A Contemporary Ceramist Shaped by Nature, Silence, and Time

Gréta Jonckheere’s artistic story begins in the countryside of Belgium, where she first discovered clay at the age of eleven. In the quiet attic of her family’s farm, she learned to work the material with patience and focus, guided at first by a drawing teacher and then by her own curiosity. These early years formed the foundation of a lifelong relationship with ceramics — one defined by discipline, solitude, and a deep sensitivity to material.

After moving to Quebec, Gréta continued her training at the Centre de Céramique Bonsecours in Montreal. There, she gained the technical mastery that allowed her to refine her artistic voice. What emerged was a visual language rooted in contradiction: delicacy and strength, restraint and expression, order and spontaneity. These dualities became central to her work and remain visible in every piece she creates.
Since 2016, Gréta has lived and worked in the Laurentians, in a home studio she built by the water. The surrounding landscape — shifting seasons, winter quiet, bright summers, and the rhythmic movement of the environment — plays a vital role in her creative process. Nature provides both inspiration and structure, shaping the meditative pace at which she works. She often describes her artistic practice as a dialogue with the landscape, where observing change becomes a form of introspection.

Porcelain is her preferred medium, and for Gréta it represents purity, silence, and clarity. In her celebrated collection De Blanc et Noir, each artwork is hand-built from long, thin strips of porcelain, assembled slowly and precisely over a rounded form. The seams are painted black, creating fine lines that accentuate the curvature of the piece and capture the movement of light. The result is a striking interplay of brightness and shadow — a sculptural tension that feels both minimal and deeply expressive.

This collection exemplifies Gréta’s fascination with opposites. Simplicity meets complexity in the meticulous construction. Soft curves meet the firm structure of porcelain. The luminosity of white meets the grounding force of black. Light, perhaps the most important element, activates the work and reveals its subtle architecture.
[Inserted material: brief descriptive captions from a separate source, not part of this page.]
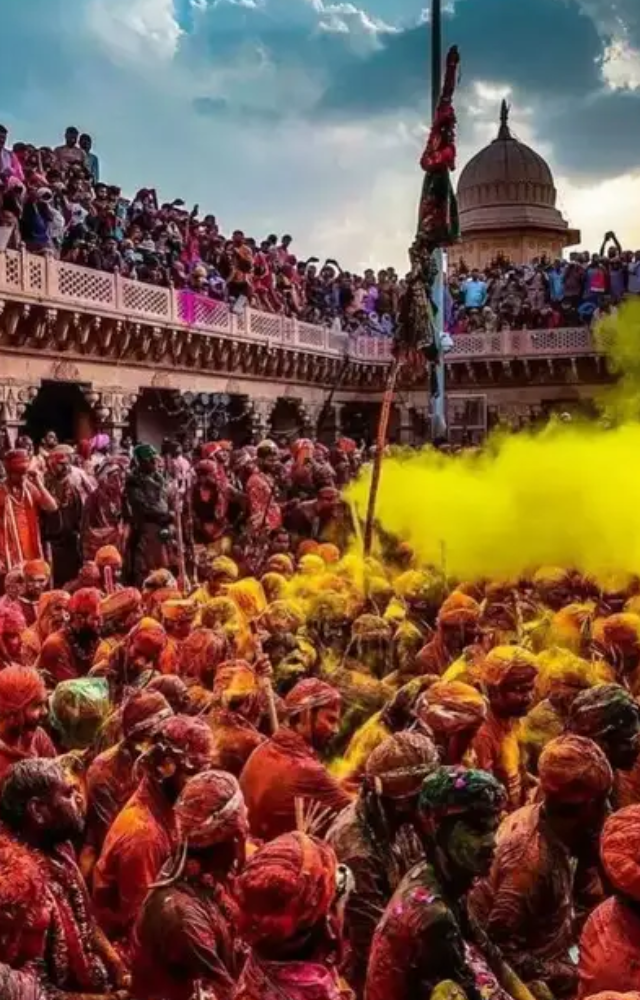 Known as the birthplace of Lord Krishna, these towns host week long Holi celebrations, including the famous Lathmar Holi in Barsana and Nandgaon. 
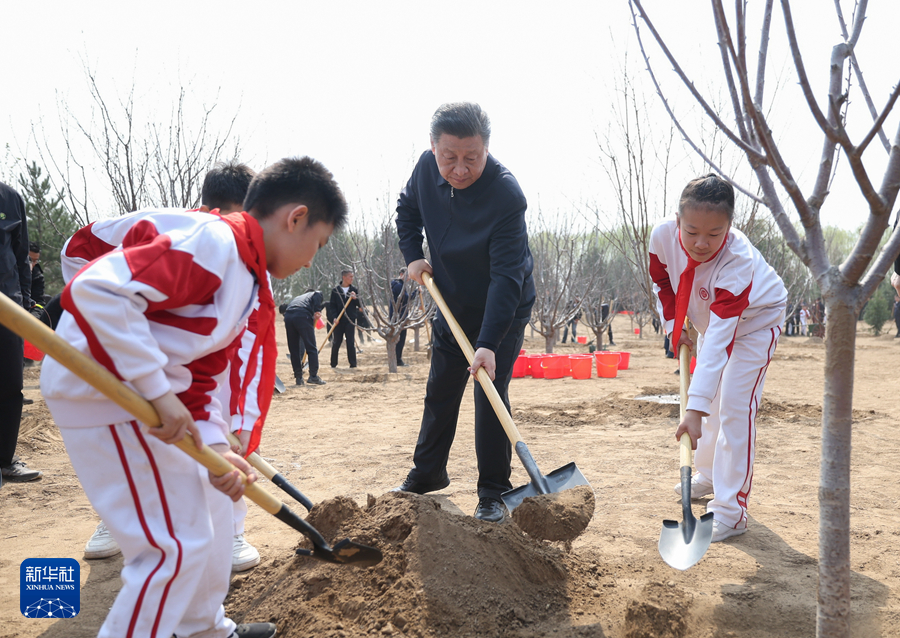 习近平在参加首都义务植树活动时强调：全民植树增绿，共建美丽中国3.png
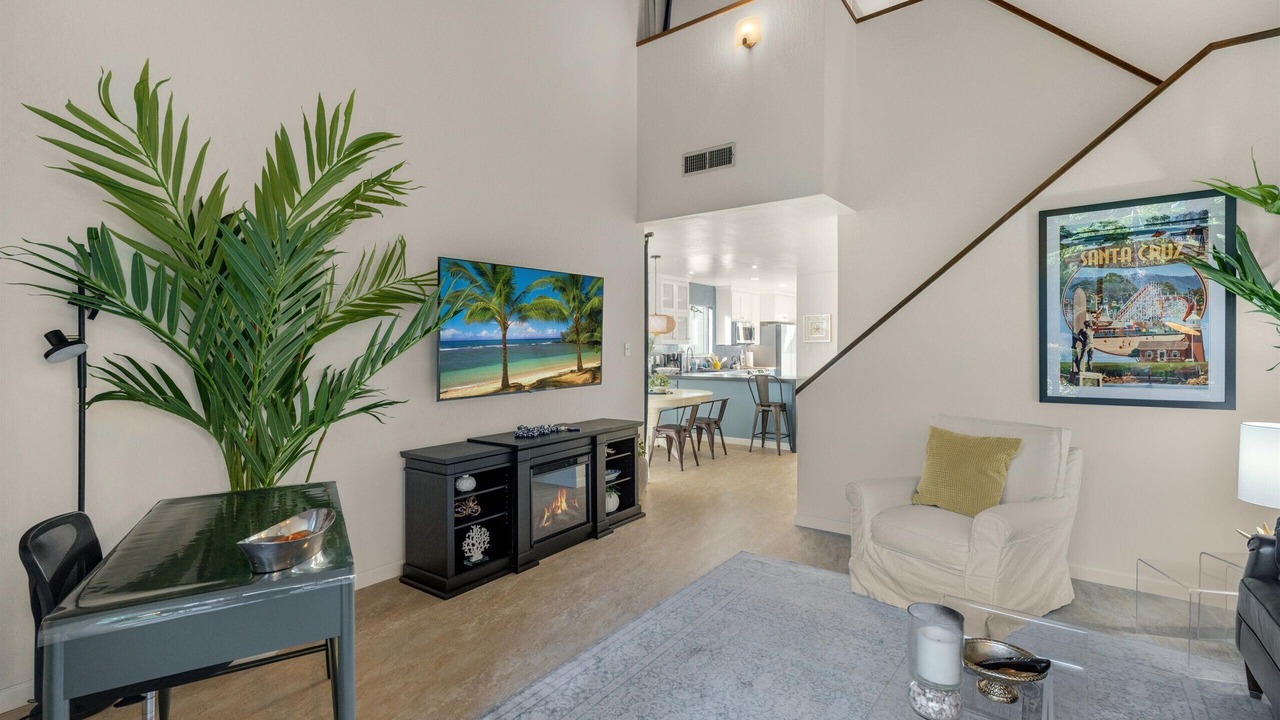 Photo of Livingroom in Eastside Santa Cruz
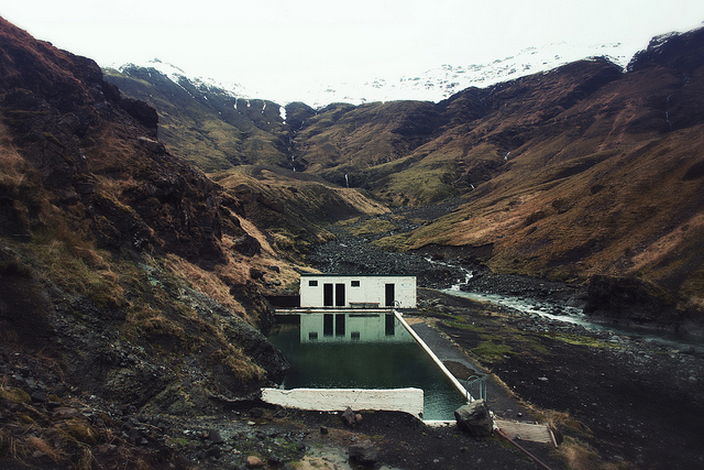 Archillect ID 67026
For Gréta, creation is a state of concentration balanced with release — a willingness to control the process while also surrendering to the unpredictable tendencies of clay. She believes that making art requires attentiveness: to the material, to the body, and to the rhythms of nature. Each piece becomes a trace of that attentiveness, a physical record of time spent working with the world rather than against it.

Her artistic reflections extend into her writing. In her books The Power of the Soul, Being Oneself in Transparency (2022) and Creative at Heart, the Intuitive Breath (2023), she explores how creativity, intuition, and inner clarity shape both art and life. These texts echo the themes present in her ceramics: honesty, simplicity, and an embrace of quiet transformation.

Today, Gréta Jonckheere stands out as an artist whose work bridges craft and contemplation. Her ceramics are not merely objects; they are meditations made tangible. With each piece, she offers viewers a moment of stillness — an invitation to observe, reflect, and engage with the delicate balance between nature, material, and time.